The province's rate-escalation strategy is a logical response to flat revenues — if the base were stable. It isn't. Several downstream effects are already in motion or predictable with reasonable confidence:

  • Bare-trust restructuring and spousal-transfer filings will surge ahead of the 2027 implementation date as the 4% rate becomes real to foreign holders who haven't yet acted.
  • The provincial collections unit will likely accelerate hiring to address the backlog, but will clear accounts too late to attach liens on properties that have already transferred.
  • Vancouver presale developers are quietly repricing foreign-buyer inventory assumptions in 2026 pro formas, given the compressed buyer pool.
  • CRA garnishment attempts on non-resident accounts will trigger cross-border legal disputes that extend collection timelines further.
  • City of Vancouver auditors, watching the SVT audit findings, are tightening EHT compliance architecture to avoid replicating the provincial model's gaps.

The open question BC Budget 2026 doesn't answer: how much SVT revenue has been formally written off as bad debt since 2018? The audit doesn't say.
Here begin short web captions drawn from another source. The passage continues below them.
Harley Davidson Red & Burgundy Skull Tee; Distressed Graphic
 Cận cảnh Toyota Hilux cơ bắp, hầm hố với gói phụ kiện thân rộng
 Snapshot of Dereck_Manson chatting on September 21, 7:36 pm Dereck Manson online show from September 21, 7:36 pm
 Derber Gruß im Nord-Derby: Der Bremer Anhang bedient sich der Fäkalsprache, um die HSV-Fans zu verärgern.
The ministry hasn't published that figure. Until it does, the $550 million cumulative total is a gross number, not a net one.

The EHT Did What the SVT Couldn't — Here's the Difference

The City of Vancouver's Empty Homes Tax is the control case. $194.3 million raised since 2017. Vacancy rates at historic lows. A declaration system tight enough that non-compliance is detectable at the parcel level, enforced by a municipal bureaucracy with direct access to utility records, business licence data, and rental registry filings.

The SVT tried to replicate that model across 59 communities with provincial-scale bureaucracy and a collections framework built for a different asset class. The audit is the result.

BC's opposition finance critic Peter Milobar has called for the SVT to be scrapped entirely, citing the audit as evidence the tax isn't collecting revenues as promised. The BC Chamber of Commerce has pushed for reform that would limit the tax to foreign owners only and require transparent municipal-level revenue reporting. Neither position is likely to move the NDP government before the 2027 rate hike takes effect.

What's more likely: BC Budget 2027 quietly revises the $184 million revenue projection downward when the actual 2026 tax year declarations come in and the foreign-owner pool turns out to have shrunk again. The SVT was always a behaviour-change tax dressed up as a revenue tax. It changed the behaviour. Now the government is raising rates to chase a base it already largely displaced — and the five-year backlog is the administrative receipt for that miscalculation.